*Given information*

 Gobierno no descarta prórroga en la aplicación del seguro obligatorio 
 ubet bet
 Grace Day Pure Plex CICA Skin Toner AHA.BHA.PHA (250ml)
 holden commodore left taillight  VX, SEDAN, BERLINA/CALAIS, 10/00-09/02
==
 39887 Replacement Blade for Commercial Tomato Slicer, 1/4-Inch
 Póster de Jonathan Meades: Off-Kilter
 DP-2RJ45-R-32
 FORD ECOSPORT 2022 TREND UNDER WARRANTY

*Your task*
From the entries above, write out only the lines starting at the line that holds "Gobierno no descarta" and ending at the line that holds "holden commodore left", keeping both and matching them exactly.

*Solution*
 Gobierno no descarta prórroga en la aplicación del seguro obligatorio 
 ubet bet
 Grace Day Pure Plex CICA Skin Toner AHA.BHA.PHA (250ml)
 holden commodore left taillight  VX, SEDAN, BERLINA/CALAIS, 10/00-09/02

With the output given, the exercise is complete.